WORK REQUEST. Pictures are not part of the answer. Return the lines from the one containing "Quick Release Button" through the end of the data, both included, exactly as they appear.
------------------------------------------------------------
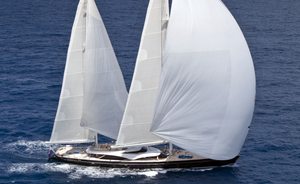 Freshly refitted 57m sailing yacht TWIZZLE offers 2022 Baltics charters 
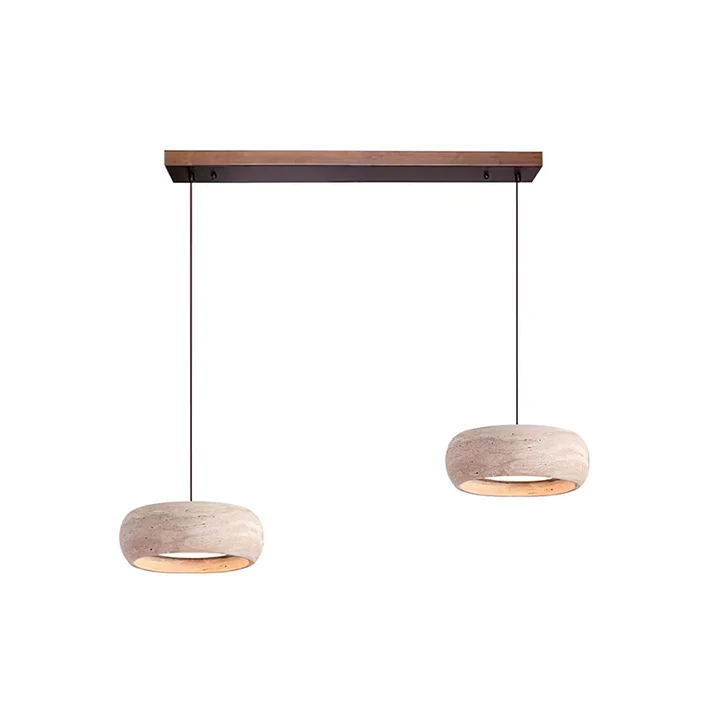 Travertine Pendant Light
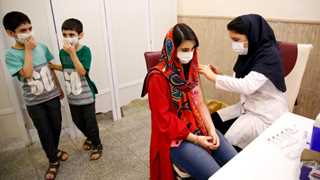 Iran passes 50% of total population vaccinated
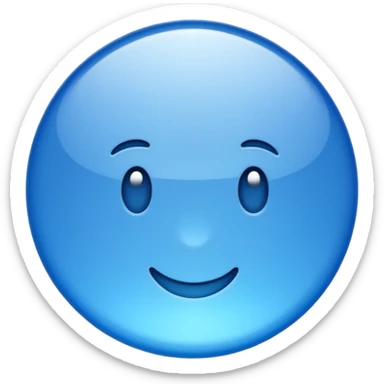 représente le célèbre badge de certification (blue check" ou "pastille bleue) sticker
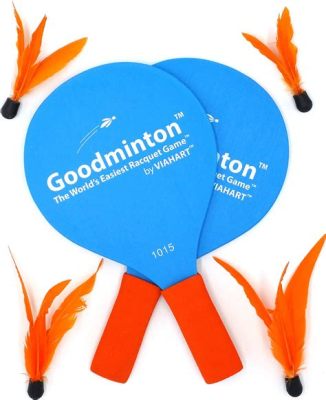 Goodminton! A Frantic Feathery Frenzy for Fun-Loving Friends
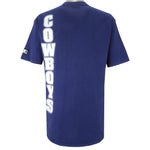 Starter - Dallas Cowboys Big Logo T-Shirt 1996 Large Vintage Retro Football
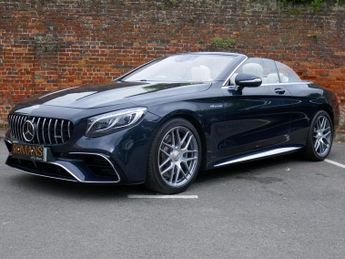 Mercedes S Class AMG S 63 -Massage Seats - Apple Car play
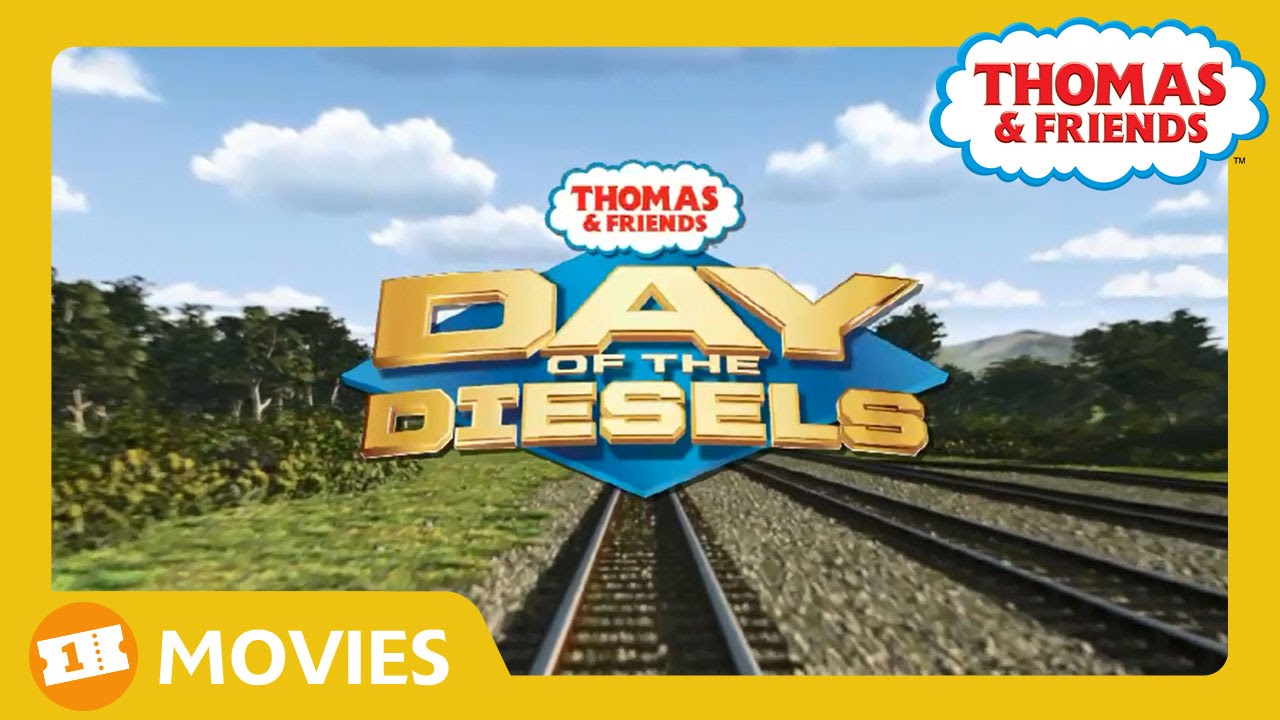 Day of Diesels Trailer | Thomas & Friends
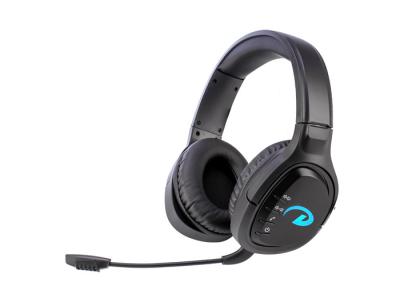 China 2.5hrs Charging Bluetooth Wireless Gaming Headset 400mAh 50mm Speaker for sale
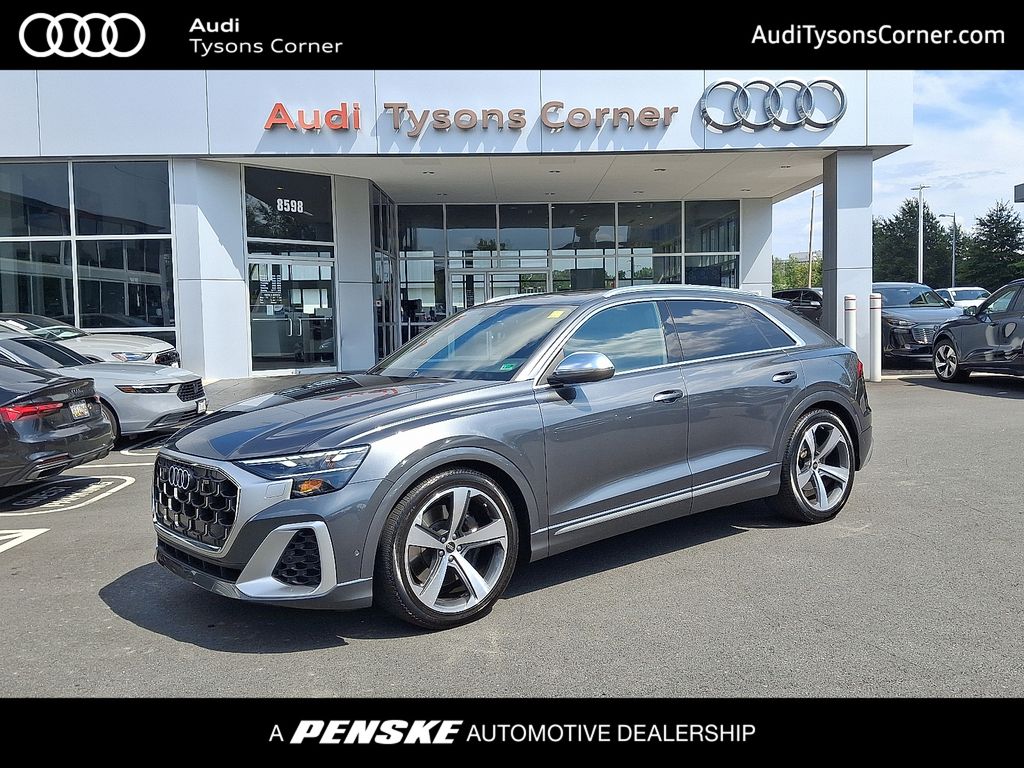 2024 Audi SQ8 Premium Plus -
                  Vienna, VA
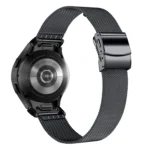 Quick Release Button Turtle Buckle Milan Watch Band - Image 3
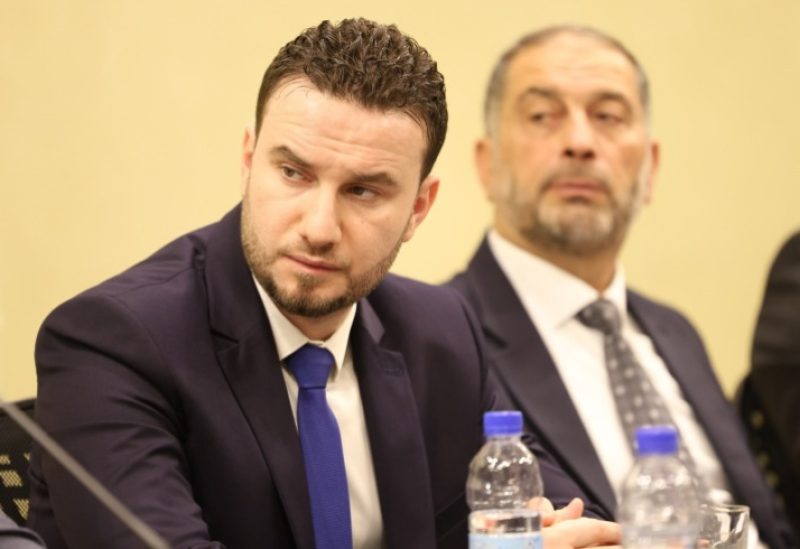 المتحدّث باسم وزارة الداخلية السورية نور الدين البابا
------------------------------------------------------------
OUTPUT OF THE TASK.
 Quick Release Button Turtle Buckle Milan Watch Band - Image 3
 المتحدّث باسم وزارة الداخلية السورية نور الدين البابا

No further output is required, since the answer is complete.